18.2 Visualization Systems

Special Issue on Visualization in Scientific Computing, Computer Graphics, Publication of ACM/SIGGRAPH, Vol 21, No. 6, November 1987.Bruce McCormick, Maxine Brown, and Tom DeFanti

In 1987 an ACM-SIGGRAPH panel released a report done for the National Science Foundation, Visualization in Scientific Computing, that was a milestone in the development of the emerging field of Scientific Visualization. As a result, the field was now on the radar screen of funding agencies, and conferences, workshops and publication vehicles soon followed.

Publication of this NSF report prompted researchers to investigate new approaches to the visualization process and also spawned the development of integrated software environments for visualization. Besides several systems that only addressed specific application needs, such as computational fluid dynamics or chemical engineering, a few more general systems evolved. Among these were IBM’s Data Explorer, Ohio State University’s apE, Wavefront’s Advanced Visualizer, SGI’s IRIS Explorer, Stardent’s AVS and Wavefront’s Data Visualizer.Two lesser known but important systems were Khoros (from the University of New Mexico) and PV-WAVE (Precision Visuals’ Workstation Analysis and Visualization Environment), originally from Precision Visuals, Inc., but later owned by Visual Numerics, Inc. (VNI).

Dataflow diagram

These visualization systems were designed to take the burden of making the visualization image off of the shoulders of the scientist, who often didn’t know anything of the graphics process. The most usable systems therefore utilized a visual programming style interface, and were built on the dataflow paradigm: software modules were developed independently, with standardized inputs and outputs, and were visually linked together in a pipeline. They were sometimes referred to as modular visualization environments (MVEs). MVEs allowed the user to create visualizations by selecting program modules from a library and specifying the flow of data between modules using an interactive graphical networking or mapping environment. In a MVE dataflow diagram, the boxes represent process modules, which are linked by lines representing the flow of data between the modules. Maps or networks could be saved for later recall.

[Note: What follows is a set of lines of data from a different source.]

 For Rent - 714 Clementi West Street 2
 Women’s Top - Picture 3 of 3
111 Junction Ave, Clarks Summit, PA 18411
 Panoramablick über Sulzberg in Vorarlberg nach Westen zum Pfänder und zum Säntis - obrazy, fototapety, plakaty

General classes of modules included:

  • data readers – input the data from the data source
  • data filters – convert the data from a simulation or other source into another form which is more informative or less voluminous.
  • data mappers – convert it into another completely different domain, such as 2D or 3D geometry or sound.
  • viewers or renderers- rendering the 2D and 3D data as images.
  • control structures – examples include initialization of the display device, control of recording devices, open graphics windows, etc.
  • data writers – output the original or filtered data

Advantages of MVEs included:

  • Required no graphics expertise
  • Allowed for rapid prototyping and interactive modifications
  • Promoted code reuse
  • Extensible- allowed new modules to be created
  • Reasonably powerful and complete for a broad range of problems
  • Often allowed computations to be distributed across machines, networks and platforms

The problem with such packages included poor performance on large data sets, they were more restrictive than general programming environments, they were often not built on accepted graphics standards, and their ease of use sometimes promoted poor visualizations (this often involved a “high glitz factor”).

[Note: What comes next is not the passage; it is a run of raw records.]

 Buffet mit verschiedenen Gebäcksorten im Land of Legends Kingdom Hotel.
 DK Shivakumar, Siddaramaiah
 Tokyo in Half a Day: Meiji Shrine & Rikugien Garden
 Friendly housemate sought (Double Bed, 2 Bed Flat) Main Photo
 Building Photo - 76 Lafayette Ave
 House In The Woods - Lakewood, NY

Wayne Lytle, who worked with the Cornell Theory Center, produced this parody of scientific visualizations for SIGGRAPH 93, called The Dangers of Glitziness and Other Visualization Faux Pas, using fictitious software named  “Viz-o-Matic.” The video documents the enhancement and subsequent “glitz buffer overload of a sparsely data-driven visualization trying to masquerade as a data-driven, thoughtfully rendered presentation,” according to Lytle.

Movie 18.1 Viz-O-Matic
Viz-o-Matic – The Dangers of Glitziness and Other Visualization Faux Pas, or What’s Wrong With This Visualization?
by Wayne Lytle – Cornell University Theory Center, 1993.